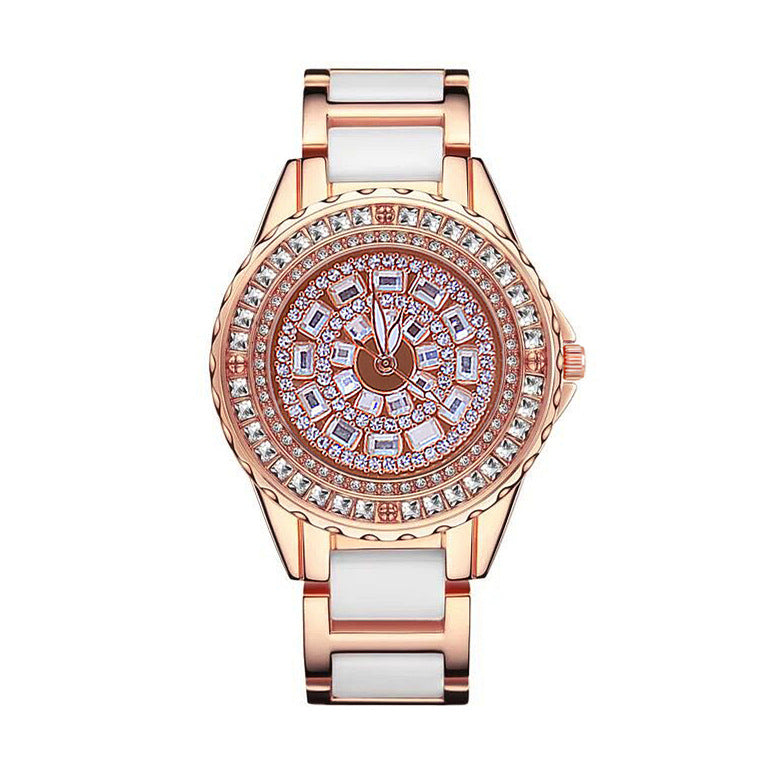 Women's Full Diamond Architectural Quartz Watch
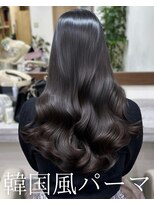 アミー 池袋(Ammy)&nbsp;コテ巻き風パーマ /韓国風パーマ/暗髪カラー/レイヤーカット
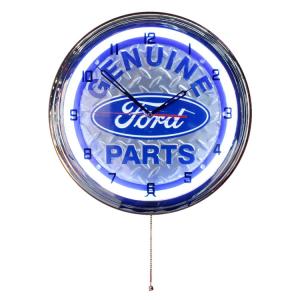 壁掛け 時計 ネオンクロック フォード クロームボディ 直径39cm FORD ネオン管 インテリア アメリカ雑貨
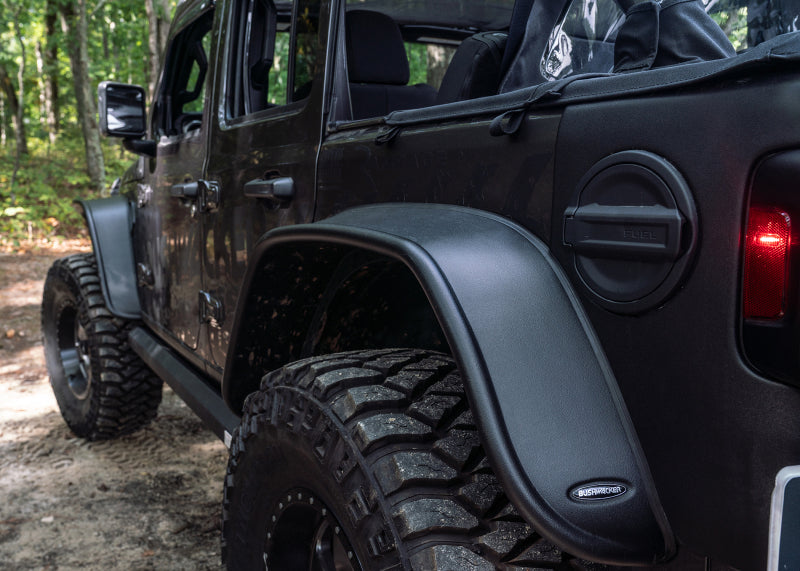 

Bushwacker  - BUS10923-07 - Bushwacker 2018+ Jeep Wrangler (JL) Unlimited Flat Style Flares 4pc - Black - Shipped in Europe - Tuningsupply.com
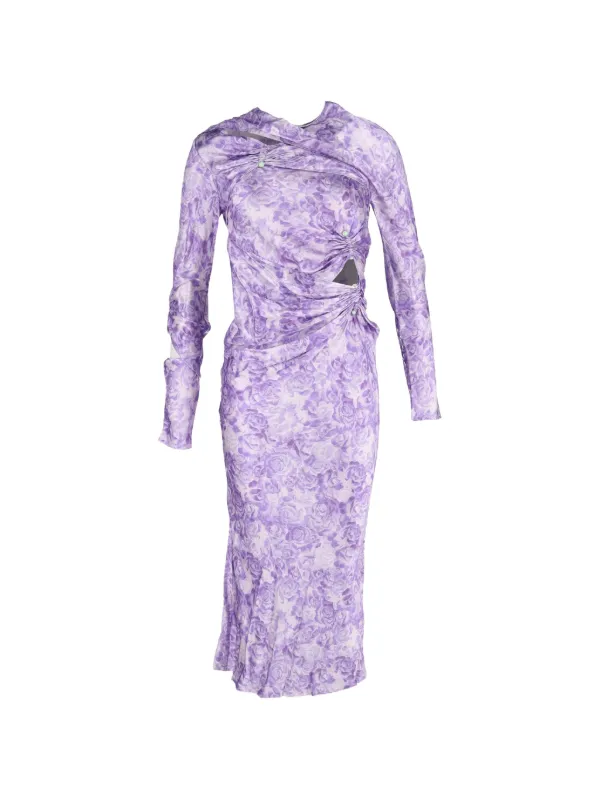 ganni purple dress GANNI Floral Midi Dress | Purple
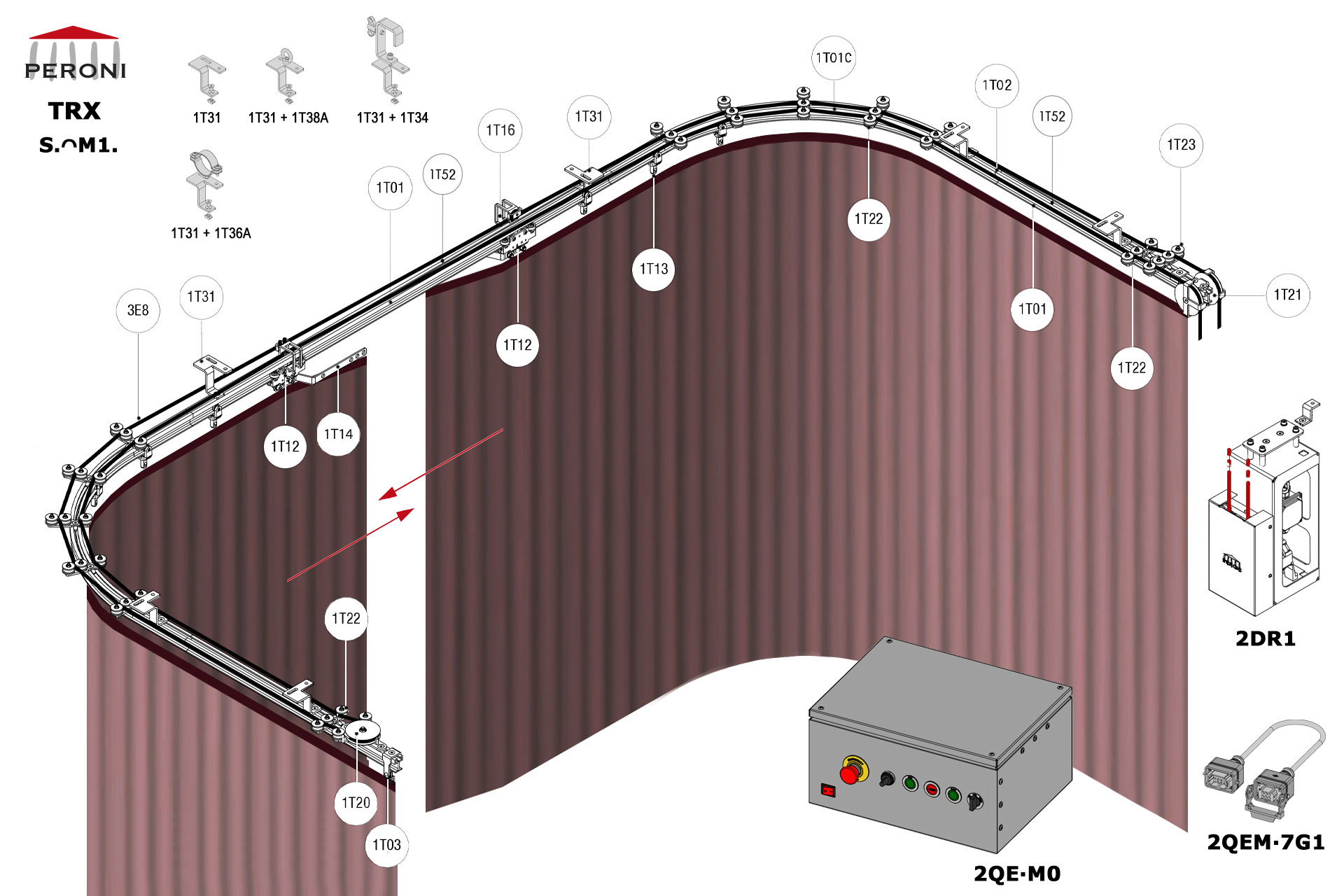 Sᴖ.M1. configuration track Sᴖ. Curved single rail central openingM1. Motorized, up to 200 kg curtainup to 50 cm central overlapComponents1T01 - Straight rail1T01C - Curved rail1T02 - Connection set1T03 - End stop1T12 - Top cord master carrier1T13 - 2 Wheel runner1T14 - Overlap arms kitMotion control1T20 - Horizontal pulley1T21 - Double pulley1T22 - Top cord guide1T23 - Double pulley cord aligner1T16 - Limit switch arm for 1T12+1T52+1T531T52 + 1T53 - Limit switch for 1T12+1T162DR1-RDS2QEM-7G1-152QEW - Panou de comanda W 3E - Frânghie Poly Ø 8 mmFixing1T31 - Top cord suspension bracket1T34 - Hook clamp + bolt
■ ■ ■
Exercise:
An exact copy is needed of the entries above, starting at the line that holds "アミー 池袋(Ammy)&nbsp;コテ巻き風パーマ /韓国風パーマ/暗髪カラー/レイヤーカット" and stopping at the line that holds "ganni purple dress", both kept; pictures stay out.

Solved problem:
 アミー 池袋(Ammy)&nbsp;コテ巻き風パーマ /韓国風パーマ/暗髪カラー/レイヤーカット
 壁掛け 時計 ネオンクロック フォード クロームボディ 直径39cm FORD ネオン管 インテリア アメリカ雑貨

Bushwacker  - BUS10923-07 - Bushwacker 2018+ Jeep Wrangler (JL) Unlimited Flat Style Flares 4pc - Black - Shipped in Europe - Tuningsupply.com
 ganni purple dress GANNI Floral Midi Dress | Purple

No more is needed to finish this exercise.